She is proud of her work in Chippendale where her submission to secure a park was successful.

“I think we need to work very hard to ensure that everyone views Chippendale as a residential suburb and not as part of the CBD. I believe that very passionately,” she says.

She points out the other critical issue is climate change:

“Labor has maintained for a decade that it would sign the Kyoto protocol and we have had a period of John Howard’s inaction on climate change. They have now a thrown together water plan that has not been clearly thought out at all,” she says.

A passionate supporter of the injecting room in Kings Cross she says: “I think the Self Injection Centre is one of the smartest kinds of harm minimisation strategies and if you speak to residents most agree that it is a very sensible initiative.”

She brushes away suggestions about trying to clean up the Cross but believes that a balance needs to be found. “Kings Cross is a wonderful, vibrant, thriving place. I do think however we need to keep in mind that it is a residential area and we need to find a sensible balance in the Cross between maintaining its history and vibrancy and at the same time maintaining its residential amenity,” she says.
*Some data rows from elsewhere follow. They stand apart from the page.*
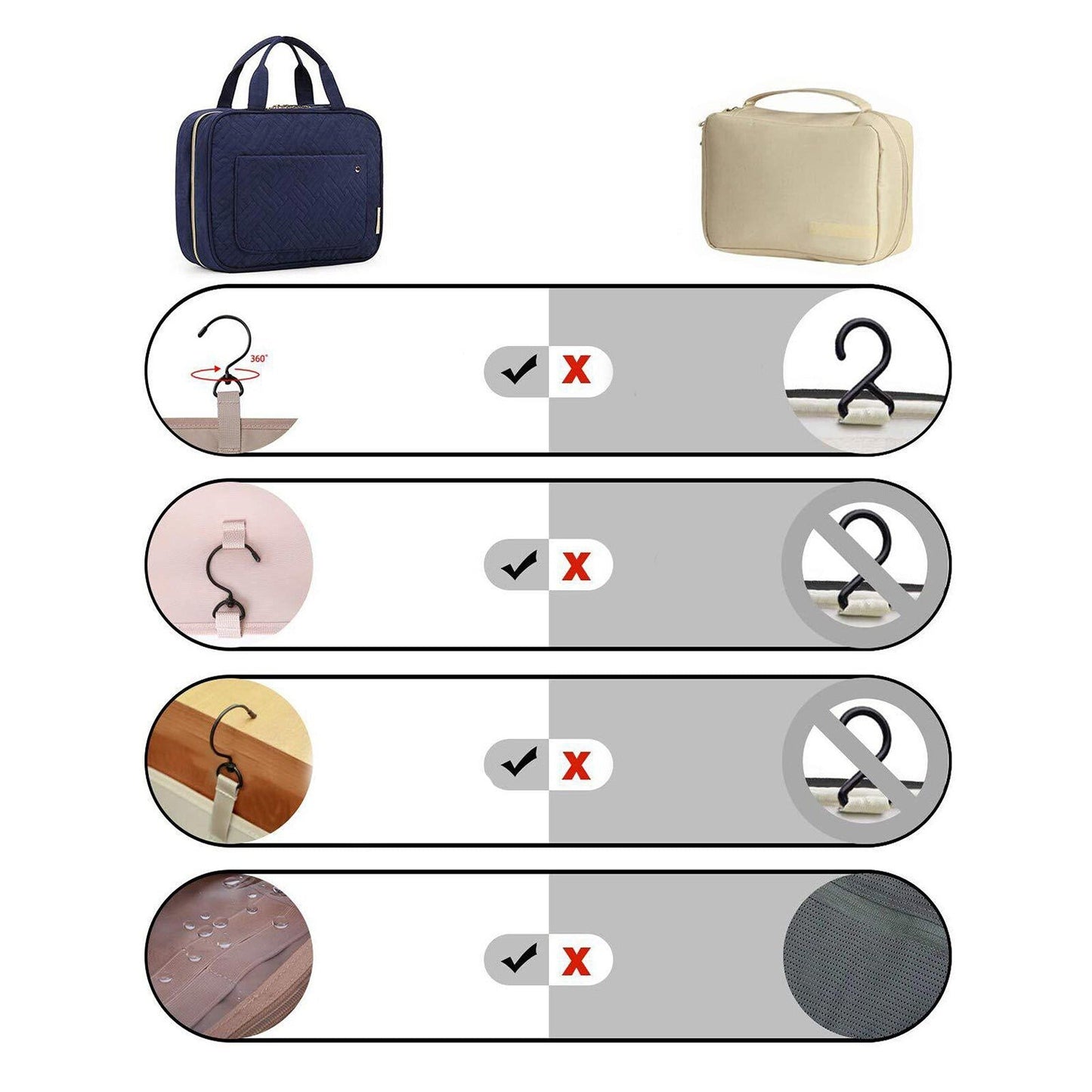 Large Travel Toiletry Organizer with Hanging Hook Cosmetic Makeup Bag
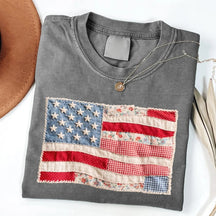 RedWhiteRebel – Retro American Flag Patchwork Tee
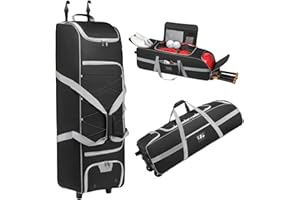 CXINESBAG Baseball Catchers Bag with Wheels For 4 Bats,Soft Baseball Bag|Softball Catchers Bag With Separate Shoe Space And Multi-Pockets&Fence Hook,Catchers Bag with Wheels for Softball Equipment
A former employee of the Bureau of Crime and Statistics, her research on alcohol-related crime led her to believe that many assaults are alcohol-related and closely linked to late trading premises. “We do not want to sanitise the Cross but we need to sensibly stem the increase in the tide of late trading premises,” she says.

“I think the people of Sydney are under represented,” she says. “I will be working very hard to make sure residents are taken seriously.”